Wednesday, June 3, 2015


Alibaba Vs. Amazon: A Clash Of E-Commerce Titans

Mon, Jun 01 2015 00:00:00 EA08_SNAPSHOT
One week after being named the new chief executive of China's Internet giant Alibaba Group (NYSE:BABA) on May 7, Daniel Zhang put international markets at the top of the company's shopping list.
"We must absolutely globalize," Zhang said at a companywide meeting, as reported on Alibaba's news site "We will organize a global team and adopt global thinking to manage the business, and achieve the goal of global buy and global sell," he said.
Halfway around the world, Seattle-based e-commerce giant (NASDAQ:AMZN) laid out similar priorities. During an April 23 conference call after reporting first-quarter earnings, Brian Olsavsky, vice president of finance, was asked about Amazon's international business, especially in China.
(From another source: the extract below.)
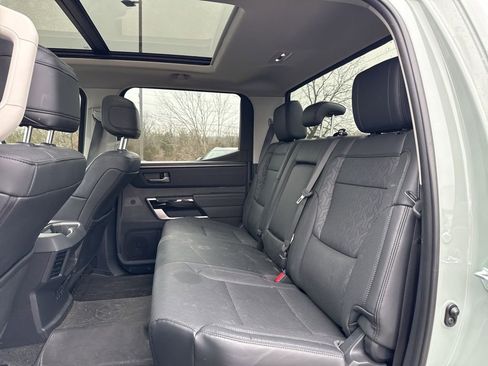 Used 2024 Toyota Tundra Limited image 9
Alibaba founder Jack Ma, fourth from right, along with his executive team, which includes newly appointed CEO Daniel Zhang, third from left, in front...
Alibaba founder Jack Ma, fourth from right, along with his executive team, which includes newly appointed CEO Daniel Zhang, third from left, in front... View Enlarged Image
"You're seeing a lot of invention from us in China right now," he said. "We're doubling down now with an Amazon Global Store on our own site, which gives Chinese customers access to over 1 million Amazon products globally."
In addition to its own online store in China, Amazon, in March, also opened an online storefront on Alibaba's business-to-consumer platform, Tmall.
"We continue to be selective in our investments there, but we're taking the long-term view, and we have hopes for the new initiatives with the Global Store and the Tmall flagship store," Olsavsky said.
Alibaba dominates e-commerce in China as Amazon does in the U.S. How much damage either might inflict on the other as they pursue global domination will play out over the next several years. The most likely winner: consumers.
Despite years of effort, Amazon has captured only a small market share in China.
Amazon, along with eBay (NASDAQ:EBAY), Google (NASDAQ:GOOGL), Facebook (NASDAQ:FB) and Twitter (NYSE:TWTR), has struggled to break into China. Government restrictions are part of the challenge. Another is understanding the psyche of China's consumers and businesses and how best to reach them. Amazon's decision to use the Alibaba Tmall platform reflects how difficult it is to break into China without partnering with a Chinese company.
"The China e-commerce market is very complicated compared to the U.S.," said Wenbin Qiu, chief executive of China e-commerce company Baozun (NASDAQ:BZUN), in an interview with IBD following the company's initial public offering on May 21. Alibaba Group owns an 18% stake in Baozun.
"The China e-commerce market is growing very fast and you need to have a flexible strategy and be able to move very quickly," he said.
Qiu said he is not concerned about competitive threats from Amazon in China, as many foreign companies have lacked this flexibility and speed. In the first quarter at Amazon, international sales accounted for 36% of revenue, but just a sliver of that came from China.